Am schönsten sind die Jahreszeiten, wenn sie gerade anfangen:

  • der erste warme Tag nach einem langen Winter, wo die Luft anders riecht, die Sonne plötzlich wärmt, die Vögel sich gegenseitig zu überbieten versuchen …
  • der erste heiße Tag, an dem die Füße sich der lästigen Schuhe entledigen, die Kleidung minimalistisch wird und kalte Getränke attraktiv werden …
  • der erste Herbstgeruch, Altweibersommer, schräges Licht, mild-schmeichelnde Luft und eine Würze, ah … melancholisch beklagt man: „Jedes Jahr geht es schneller, verdammt!“ und freut sich zugleich auf lange Abende und Zeit für die Fotoalben. Hypnotisiert starrt man jeden Tag aufs Neue die Bäume am Wegrand an, ob sich ihr Laub schon verfärbt, und diskutiert mit Kollegen über die chemischen Prozesse, die zu der Verfärbung führen …

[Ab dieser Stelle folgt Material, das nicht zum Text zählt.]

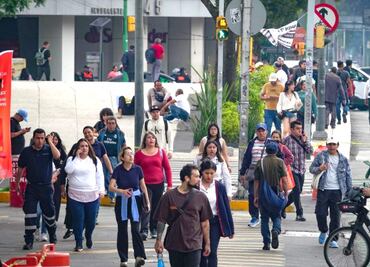 ¿Por qué mirar a ambos lados sigue siendo vital para tu seguridad como peatón en la CDMX?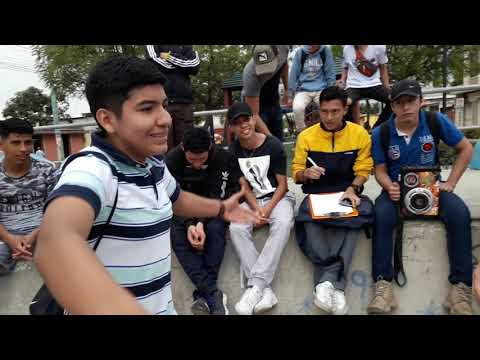 PERICO vs FUNERAL - 8vos | BATALLA DE LOS MUERTOS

Ihr merkt schon, der Herbst braucht den meisten Platz in dieser Aufzählung. Warum nur ;-)? Erfreulich sind die Übergänge zwischen den Extremen, Herbst und Frühling, auch für die Fotografin: schräges Licht, Seitenlicht, Streiflicht und warme Farben sind auch noch Mittags zu haben, wenn man sich endlich aus den Federn gepellt hat am Wochenende, im Gegensatz zum Sommer, wo das Licht tagsüber langweilig und flau ist, oder zum Winter, wo man sich zu jeder Tageszeit die Finger abfriert …

Allein, je kühler es wird, umso mehr Kleidung muss man auf und um sich und mit sich herumtragen, ein Gewicht, das sich durchaus zur Fotoausrüstung addiert. Praktisch ist allerdings, dass man endlich mal wieder ein Objektiv schnell in die Jackentasche stecken kann, was mit Hemdchen und Shorts nicht so gut geht im Sommer.

Herbst heißt auch: riesige Schwärme von Staren, die sich über den Platanen auf der Stuttgarter Königstraße sammeln, mit ohrenbetäubendem Lärm sich niederlassen und wieder auffliegen, die Passanten mit offenem Mund nach oben starren lassen und sie mit akrobatischem Formationsflug vor stahlblauem Himmel erfreuen. (Eine skurrile Anekdote zu selbstmörderischen Stuttgarter Staren findet sich hier.)

Herbst heißt auch: Kürbissuppe aus dem roten oder grünen Hokkaido, heiße Schokolade nach kalten Spaziergängen, modernde Äpfel in feuchten Wiesen, Pilze unter braunem Laub, Nebel in Niederungen.

Und um die Romantik auf die Spitze zu treiben, ende ich mit ein paar wehmütigen Worten des zeitweiligen Stuttgarters Nikolaus Lenau:

Herbst

Rings ein Verstummen, ein Entfärben:
Wie sanft den Wald die Lüfte streicheln,
Sein welkes Laub ihm abzuschmeicheln;
Ich liebe dieses milde Sterben.

Von hinnen geht die stille Reise,
Die Zeit der Liebe ist verklungen,
Die Vögel haben ausgesungen,
Und dürre Blätter sinken leise.

Die Vögel zogen nach dem Süden,
Aus dem Verfall des Laubes tauchen
Die Nester, die nicht Schutz mehr brauchen,
Die Blätter fallen stets, die müden.

In dieses Waldes leisem Rauschen
Ist mir als hör‘ ich Kunde wehen,
daß alles Sterben und Vergehen
Nur heimlich still vergnügtes Tauschen.